After an 0-24 campaign last winter, the Bulldogs are embracing a developmental mindset as they work toward becoming a more competitive program in one of the toughest districts in the state.
With no seniors on the roster, the Bulldogs return every player from last year’s squad and add several new contributors. McKinney says that continuation—and the unavoidable youth that comes with it—will shape the identity of this season.
“The biggest thing for us this season is just playing the long game as we don’t have any seniors,” McKinney said. “We’re going to return everybody. We are a young group, an inexperienced group… We need to be a better team by the end of the year than we are right now. I think we will be. It’s just going to take some time.”
Red Boiling Springs competes in a district McKinney calls “one of the best around,” home to perennial powers Jackson County and Pickett County—both state title contenders almost every year.
“There will likely be a team from our district who will win state, and that’s just how it is,” McKinney noted. “We will be inexperienced, but I think we will get better as the season progresses. There’s no substitute for experience.”
The Bulldogs will rely heavily on their size in the post, led by 6-3 center Josh Laws, a transfer from Lafayette who brings untapped potential.
“He doesn’t have a lot of experience, but he has skill and we are trying to develop him,” McKinney said.
Alongside him will be 6-2 center Gage Haskins, who became eligible late last season.
The backcourt, McKinney admits, remains a question mark. Sophomore Michael Murphy will shift from small forward to point guard after starting every game last year.
“It’s just going to be tough, but it will help him down the road,” McKinney said.
Sophomore Hayden Gentry has shown significant improvement, while Brandon Halliburton, who returns to basketball after not playing last season, adds shooting range the Bulldogs desperately need.
“He’s one of the purest shooters I’ve seen,” McKinney said. “If he’s open, he will typically make shots.”
With the majority of the roster consisting of freshmen and sophomores, McKinney says his players are facing a level of responsibility most underclassmen never experience.
“Most freshman and sophomores are playing JV games and clapping on the sidelines, but our guys are thrown into it and it’s a trial by fire,” he said. “One thing I have been pushing is taking ownership.”

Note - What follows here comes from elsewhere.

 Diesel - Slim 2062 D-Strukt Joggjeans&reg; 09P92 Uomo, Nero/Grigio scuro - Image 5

The Bulldogs open their season at home against Oak Ridge Christian, a team that defeated them last season. They will then compete in the Monterey Thanksgiving Tournament, where a second-round matchup with York Institute is expected to test the young group early.
“We have a tough schedule,” McKinney said. “I’m really looking forward to seeing the growth of this team over this season,” McKinney said.

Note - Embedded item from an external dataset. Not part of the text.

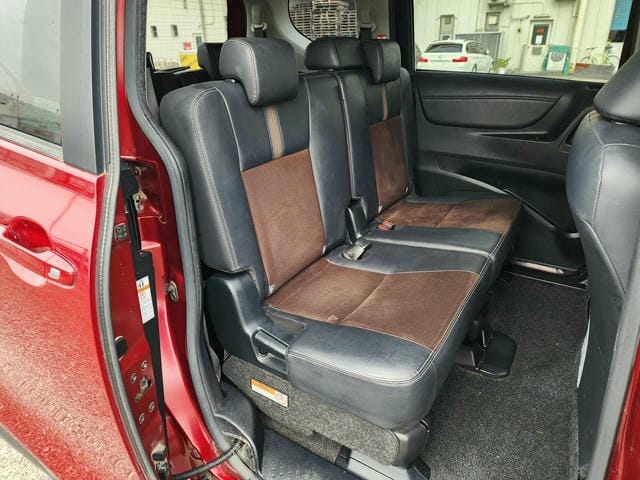TOYOTA SIENTA G CUERO 2019/7 photo 13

The Bulldogs have transitioned to a more motion-based offense designed to encourage movement and ball sharing. McKinney said the team showed encouraging signs in a recent scrimmage.

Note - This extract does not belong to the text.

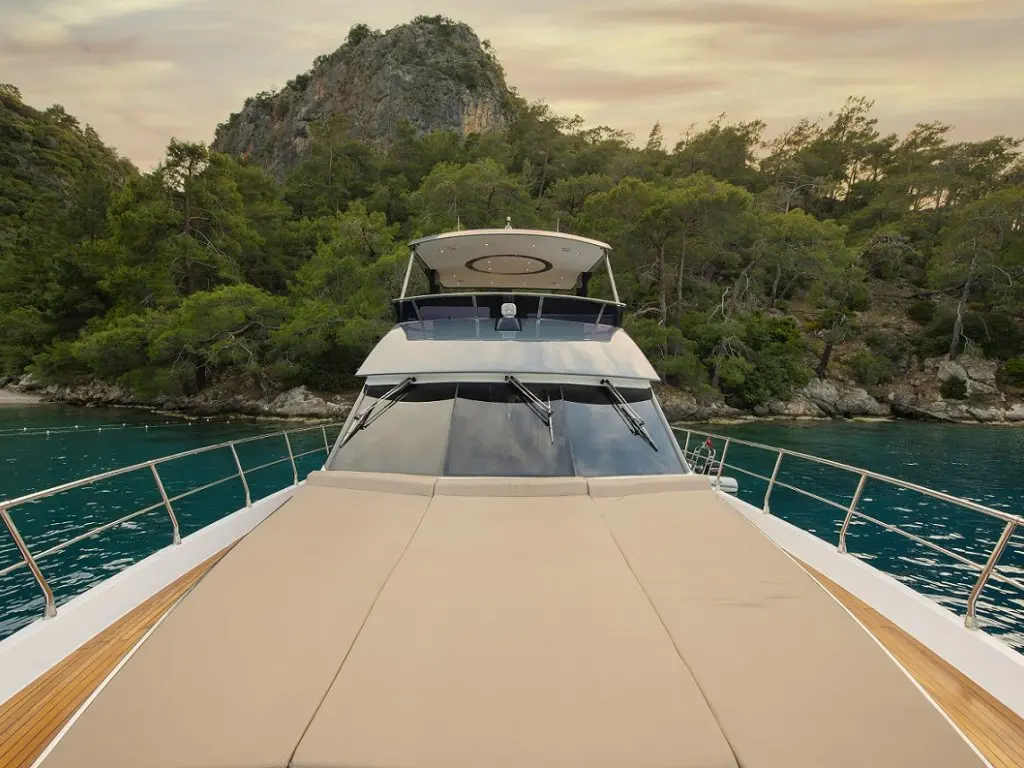 Golden Blue Motoryacht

“We had good ball movement and were able to put up some baskets,” he said. “Our guys are starting to learn and see the game differently.”
Still, the focus remains on building the fundamentals—passing, catching, shooting, ball-handling, rebounding—and learning from inevitable mistakes.
Wins and losses may not tell the whole story for the 2024-25 Bulldogs. For McKinney, improvement is the barometer.
“It’s really more of the fact that we need to be a better team by the end of the year than we are right now,” he emphasized.
With youth, size, and a long-term vision, the Bulldogs enter the season determined to take steps forward—one game, one practice, and one lesson at a time.